• [WORK TASK]
Beneath this instruction is a block of data; output from it exactly the lines that run from the one containing "Blackwork tattoo example" through the one containing "14K WHITE GOLD", inclusive.

• [THE RECORDS]
_ _ _ _ _ _ _

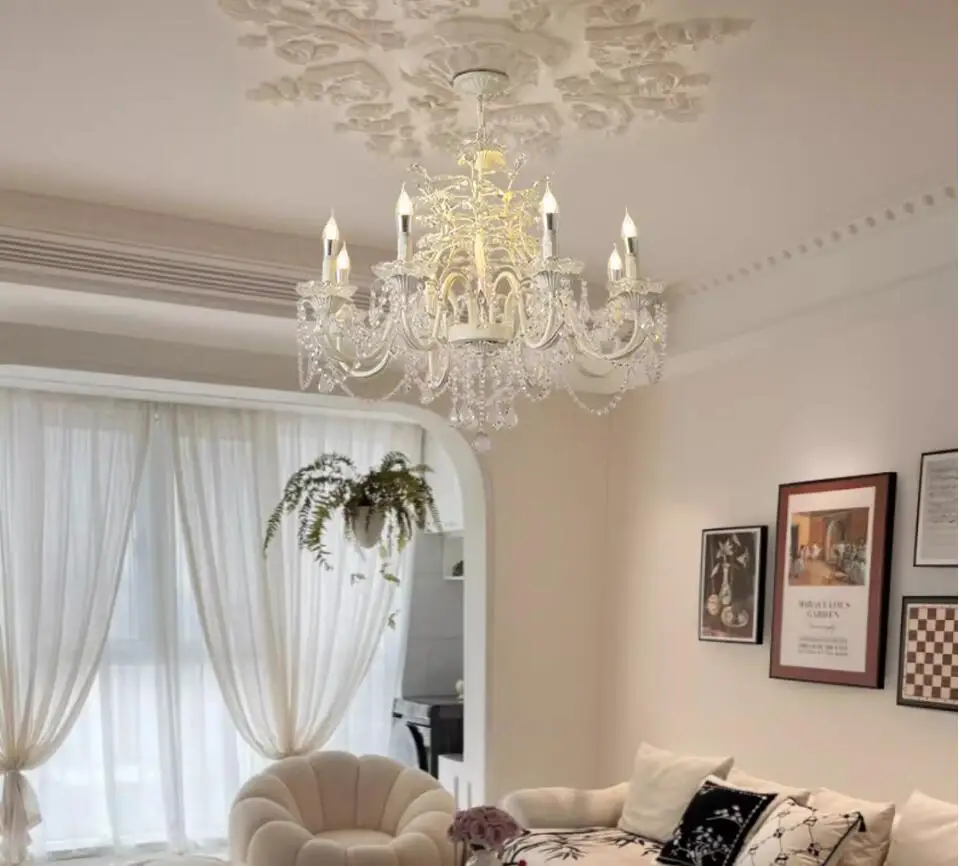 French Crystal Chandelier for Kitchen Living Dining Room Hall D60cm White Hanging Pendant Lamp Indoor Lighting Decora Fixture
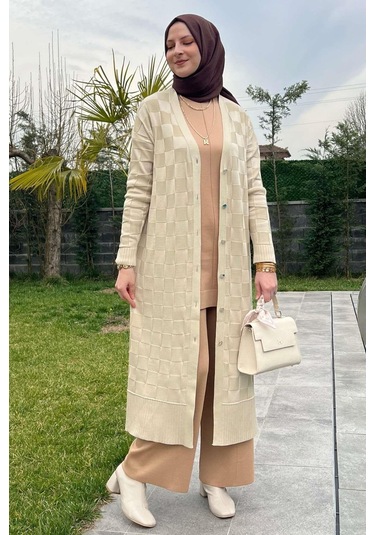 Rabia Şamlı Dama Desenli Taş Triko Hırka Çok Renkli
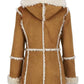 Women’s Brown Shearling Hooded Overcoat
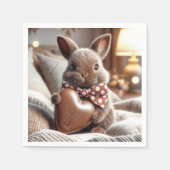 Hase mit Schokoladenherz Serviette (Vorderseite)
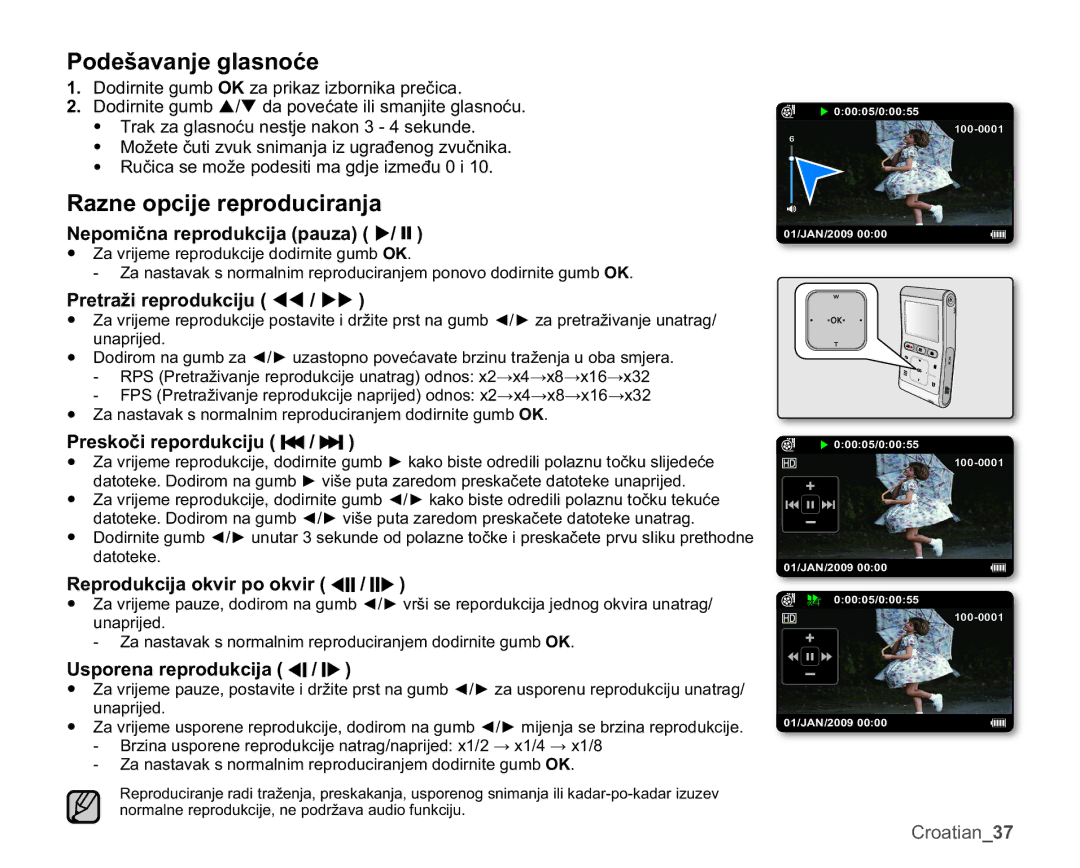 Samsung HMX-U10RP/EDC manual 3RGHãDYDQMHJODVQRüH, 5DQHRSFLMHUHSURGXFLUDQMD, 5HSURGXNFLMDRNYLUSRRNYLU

_ _ _ _ _ _ _

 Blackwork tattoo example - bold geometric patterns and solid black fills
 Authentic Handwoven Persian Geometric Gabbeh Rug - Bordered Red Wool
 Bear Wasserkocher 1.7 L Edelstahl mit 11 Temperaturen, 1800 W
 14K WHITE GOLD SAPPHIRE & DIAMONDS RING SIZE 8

_ _ _ _ _ _ _

• [WRITTEN SOLUTION]
 Blackwork tattoo example - bold geometric patterns and solid black fills
 Authentic Handwoven Persian Geometric Gabbeh Rug - Bordered Red Wool
 Bear Wasserkocher 1.7 L Edelstahl mit 11 Temperaturen, 1800 W
 14K WHITE GOLD SAPPHIRE & DIAMONDS RING SIZE 8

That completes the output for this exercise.